A partir daí, percebi que, ao menos nessa noite, eu já não mandaria mais em mim. Ao menos nessa noite, Nicolas seria o meu dono e eu faria o que ele me mandasse fazer. Fiquei pelado. Ele ainda estava vestido. Olhava para mim como se eu fosse sua caça. Ele ainda estava decidindo o que faria comigo.
“Fica de quatro.”
Escorei-me na parede, fiquei de quatro, como meu macho ordenou. Ele alisava minha bunda, batia em mim, passava o dedo no meu cu, tudo sem dizer uma só palavra. Em certo momento, sinto seu dedo entrando em mim. Não pude evitar, soltei um gemido.
“Sem gemer.”
Tentei me segurar, mas quanto mais ele enfiava, mais eu gemia.
“Sem gemer, vadia!”, e me deu um tapa.
Com seu dedo inteiro em mim, começou um movimento de vai e vem. Novamente, não consegui aguentar, gemi fino.
“Filho de uma puta, já disse pra não gemer. Toda vez que gemer, vai levar um tapa.”
Por mais que o seu tom foi de ameaça, para mim soou como um incentivo. Nicolas acelerou o vai e vem e eu intensifiquei os gemidos. Minha bunda ficou em carne viva de tanto tapa que levei. Quando mais ele me batia, mais tesão parece que sentia. Em dado momento ele tirou o dedo de mim, colocou seu pau para fora, lubrificou meu cu com cuspe e enfiou tudo de uma vez. Foi uma das piores dores que senti. Porém, estava servindo o meu macho. Não tive a audácia de pedir para ele tirar seu mastro do meu cu.
“Tá doendo, puta?”
“Não, tá gostoso”
“Então geme pro teu macho, vai”
Nunca gemi tanto na minha vida. Eu adoro levar pica no seco. Depois que a primeira dor passa, cada estocada fica mil vezes mais prazerosa que com lubrificante. Eu gemia feito uma vadiazinha, feito uma cadelinha, feito uma putinha. Gemia fino na orelha do meu macho. Ele urrava feito um boi, falava grosso no meu ouvido, que eu era a menininha dele. Quando Nicolas cansou de me comer de quatro, me colocou de frango assado. Foi uma sensação indescritível. Ele apertava meu pescoço, me deixava quase sem ar. Dava tapa na minha cara. Eu não aguentava ficar um minuto sem pedir rola. Aquilo estava me deixando em êxtase. Quando ele acelerou as metidas, e intensificou a força dos tapas e dos apertos que me dava, senti que iria gozar. Não levou muito tempo, gozei junto com ele, sem nem tocar no meu pau. Foi a primeira vez que isso me aconteceu.
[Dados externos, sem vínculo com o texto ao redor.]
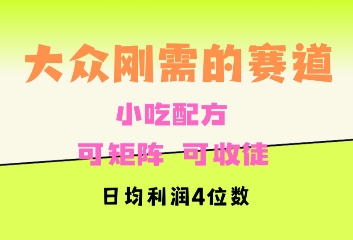 大众刚需赛道，赚确定性的钱，可矩阵，可收徒，日均利润4位数-创业项目网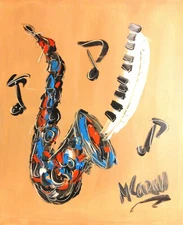 SAXOPHONE MUSIC IMPRESSIONIST CANVAS ORIGINAL OIL  PAINTING - PRTH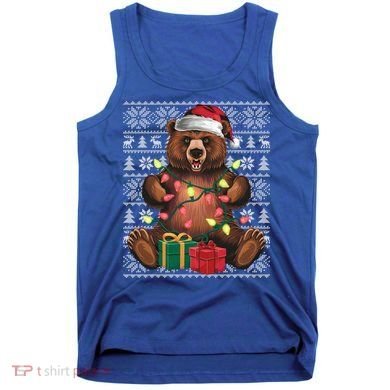 Xmas Style Ugly Santa Hat Grizzly Bear Christmas Gift Tank Top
Depois de satisfeito, ele deixou a sua personalidade dominadora de lado e se tornou a pessoa mais doce do mundo. Perguntou se eu estava bem, se ele havia me machucado, se havia ido longe demais. Disse que não, que foi tudo perfeito. Ele me confidenciou que fora a melhor transa da sua vida. Disse a ele que a recíproca era verdadeira. Tomamos banho e dormimos juntos, pelados, de conchinha. Obviamente transamos muito naquelas férias. Também comi o seu cuzinho, que era virgem. Se quiserem, conto essa história também.